Bereits in den Viertelfinals halten die diesjährigen Eishockey-Playoffs viel Spektakel bereit. Während gestern Abend Freiburg und Lugano den Halbfinal-Einzug erst im siebten Spiel unter sich ausmachen konnten – mit dem besseren Ende für Fribourg – muss morgen in den Partien zwischen Lausanne und Davos sowie zwischen Zug und Bern eine Finalissima entscheiden.
Das ist ein Novum in der Schweizer Eishockeygeschichte. Dass genau drei der vier Paarungen ins siebte Spiel gehen, ist seit der Einführung der Best-of-7-Serie in der Saison 1997/98 noch nie vorgekommen. Zweimal, 1997/98 und 2012/13, wurden sogar sämtliche Duelle erst im siebten Spiel entschieden.
Bevor es am Samstag erneut um die Wurst geht, erinnern wir uns an sieben Finalissima-Geschichten, wie sie nur die Playoffs schreiben können.
Wir befinden uns kurz nach der Jahrtausendwende, mitten in der Blütezeit des Tessiner Eishockeys. 1999, zwei Jahre zuvor, hatte der HC Lugano im Final gegen den Kantonsrivalen Ambri-Piotta zum ersten Mal nach neun Jahren wieder den Meistertitel errungen. 2001 schaffen es die Südtessiner erneut bis in den Playoff-Final – und stehen mit einer komfortablen 3:1-Führung in der Serie gegen den ZSC kurz vor der gelungenen Revanche, denn bereits ein Jahr zuvor standen sich die beiden Teams im Final gegenüber.
Auf der anderen Seite die Lions, neben Lugano die teuerste Mannschaft der Nationalliga A, wie die National League damals noch hiess. Die Zürcher streben etwas an, das im Schweizer Eishockey Seltenheitswert hat: Sie wollen den Meistertitel aus dem Vorjahr bestätigen. Angesichts des 1:3-Rückstands brauchen die Zürcher für die Mission Titelverteidigung aber ein wahrliches Schlussfurioso.

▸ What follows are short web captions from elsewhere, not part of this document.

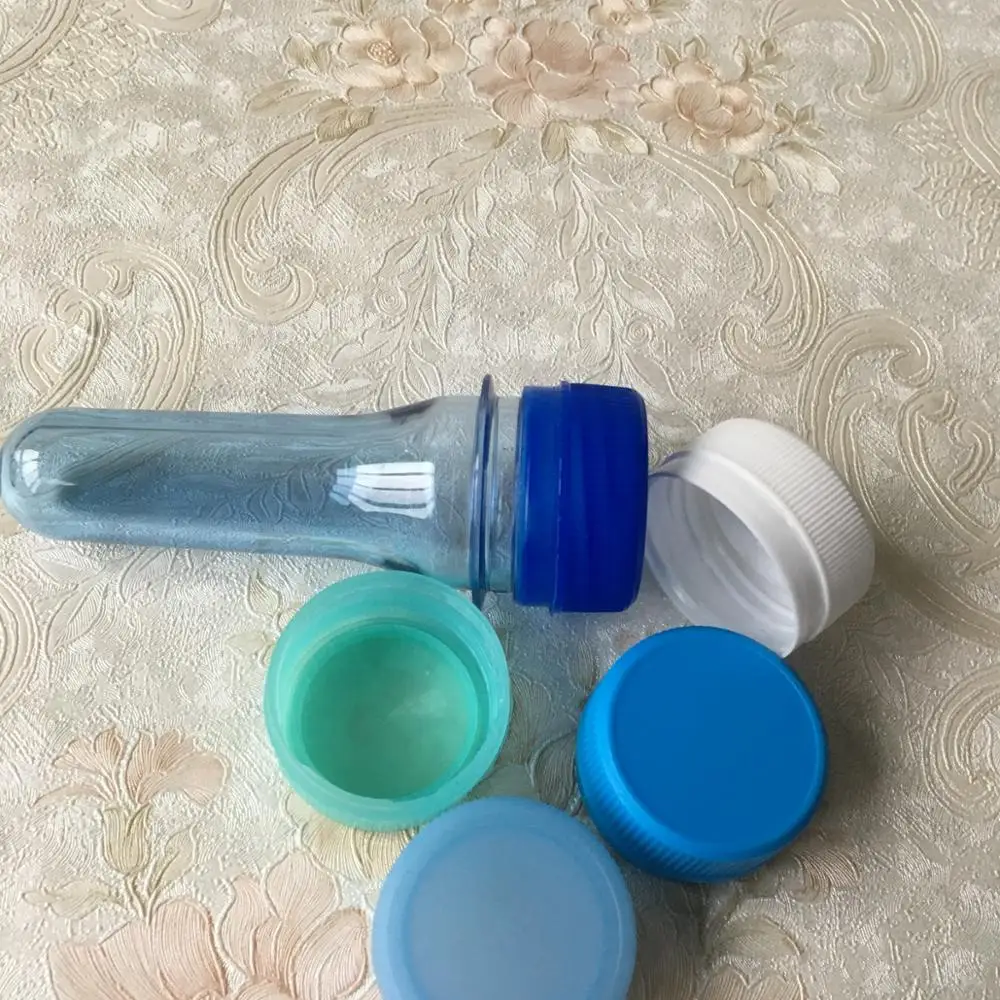 High End Neck Size 30/25 PLA Preform Plastic Water Bottle pla preform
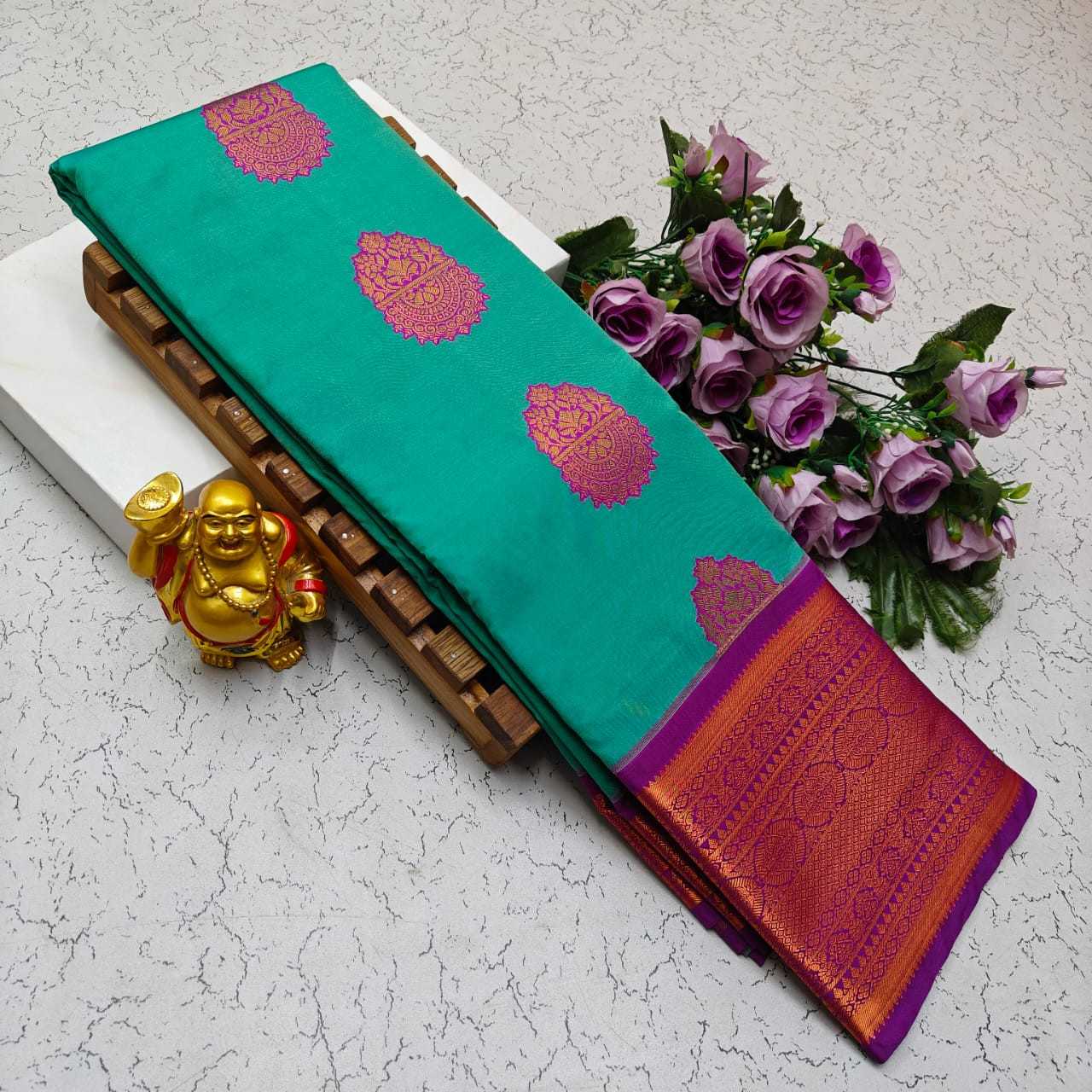 Tana Soft Silk Saree 003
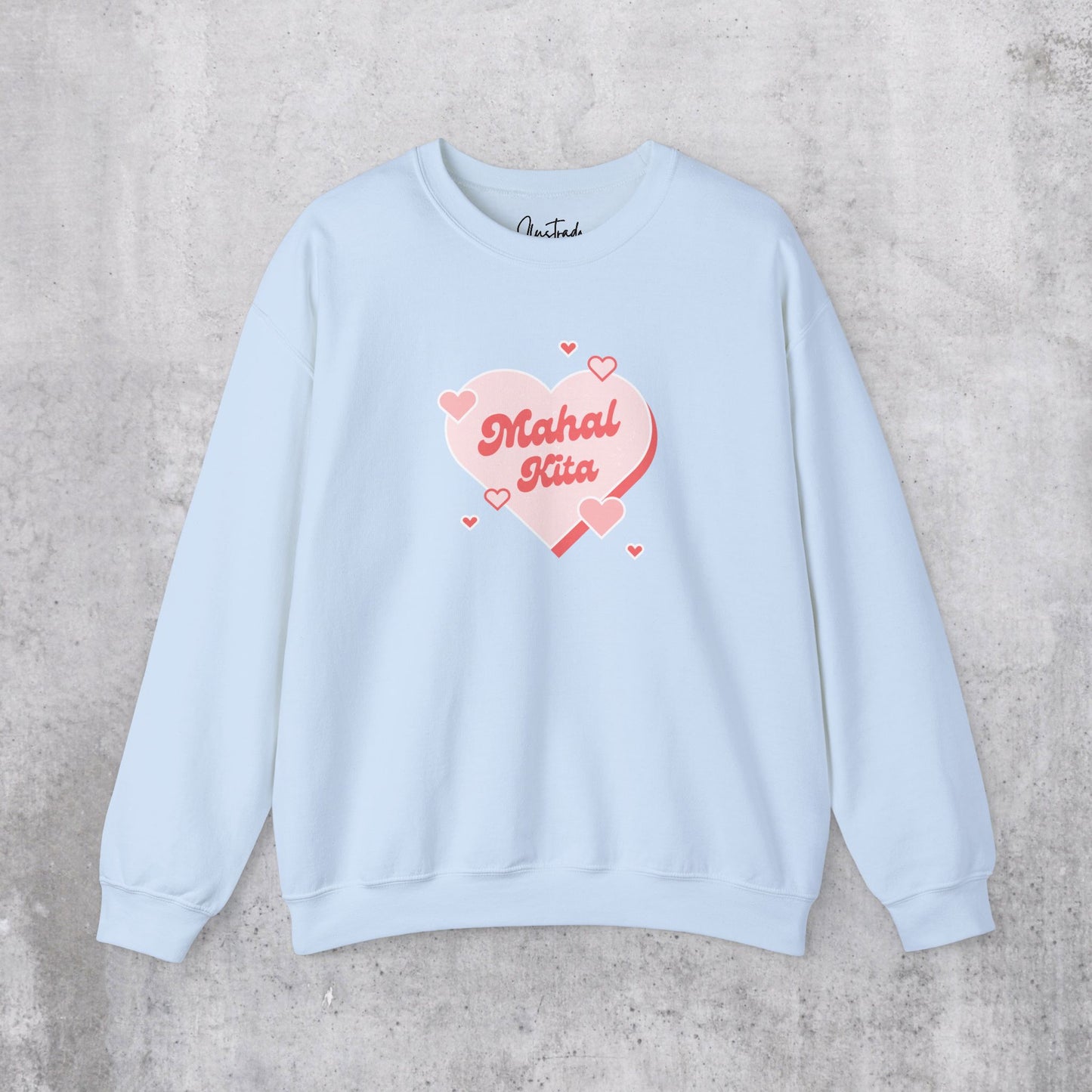 Mahal Kita Sweatshirt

Und tatsächlich: Die Zürcher drehen nach drei klaren Niederlagen (0:3, 1:4, 0:4) mächtig auf, fegen Lugano mit 6:3 und 5:1 vom Eis und erzwingen so eine Belle. Das alles entscheidende siebte Spiel in der Resega ist hart umkämpft, nach 60 Minuten steht es 1:1. Overtime.
In der 70. Minute ist es der Schwede Morgan Samuelsson, der nach einem Konter die Zürcher Titelverteidigung perfekt macht – ausgerechnet der Spieler, der den Verein aufgrund seiner geringen Eiszeit mitten in den Playoffs verlassen wollte.
Feiern können die Lions den Titel auf fremden Eis aber nicht wirklich. Die wütenden Lugano-Fans verwandeln die Resega in kurzer Zeit in ein Schlachtfeld – Gegenstände fliegen aufs Eis, die SRF-Moderatorin flieht vor laufender Kamera in den Kabineneingang und die frischgebackenen Meisterhelden müssen sich für die Pokalübergabe in die Katakomben zurückziehen.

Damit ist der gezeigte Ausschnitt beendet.